Ursula — “To fly you don’t chant a spell or anything like that?”

Kiki — “We fly with our spirit.”

Ursula — “The witch’s spirit! The spirit of witches, the spirit of artists, the spirit of bakers. I suppose it must be a power given by God. Sometimes you suffer for it.”

This conversation was sort of demystifying for me. It gave some flesh to Kiki’s sadness and helped me understand my own hazy misdirected sadness I’d been feeling. I suddenly felt a little more lucid than I had the previous few hours, or even the previous few months. My problems no longer felt strange and impossible to cohere. This fictional reclusive painter understood Kiki and she understood me.

Kiki’s powers appear to be fading away because she’s suffering an artistic block of some sort, hitting the same wall and finding her talents meaningless .How many people can’t relate to that? This is about as universal a coming-of-age, leaving-home idea that could ever exist. Ursula’s advice for creativity block and, perhaps, low self esteem — which is often the deeper underlying issue itself — is to distract yourself, enjoy life, acknowledge that you have that spirit inside you, but chill out until you figure out what’s driving it.

Don’t do a single thing, she says.

Easier said than freak-frackin done, especially if your career aspirations and identity depend on this one perceived talent of yours that sets your apart from everyone else.

As artists, creators, thinkers and sorcerers, we have all been in the place Kiki is. That place where we can’t paint anything right, or fly, or talk to our friends about the things we care about. That place where everything comes out wrong over and over and we begin to question whether we ever had a calling to begin with.

Ursula inherently loves to paint and she thinks that passion is entwined with her soul, but she begins to lose interest when she thinks too much about her approach, compares her work to other artists, cares too much about what her audience is expecting. She has to come up with her own style.

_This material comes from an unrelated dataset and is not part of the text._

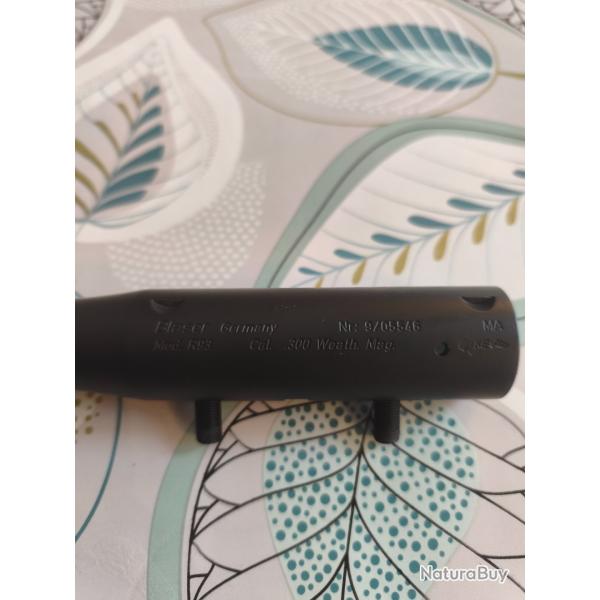 Canon r93 300 weatherby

Kiki’s Delivery Service was always a definitive film of my youth, and more importantly my early adulthood. When I first moved to the Bay Area, I couldn’t write a thing. I couldn’t write cover letters — I’d get caught up in my own discomfort of selling my talents (Did I have talents?) or even describing myself (Who do I think I am?). Defining myself felt like trying to bite my own teeth. For this reason, I also couldn’t write journal entries, poetry, blog posts or social media updates. I would start strongly and fizzle out and the whole process was demoralizing and painful. I felt like Kiki in that I couldn’t understand why a skill like writing, that had previously come so easily to me, had seemed to evaporate before my very eyes. I felt like Ursula in that anything I did manage to get down, felt like crude, half-assed imitations of headlines I had read on Buzzfeed. Where was my voice?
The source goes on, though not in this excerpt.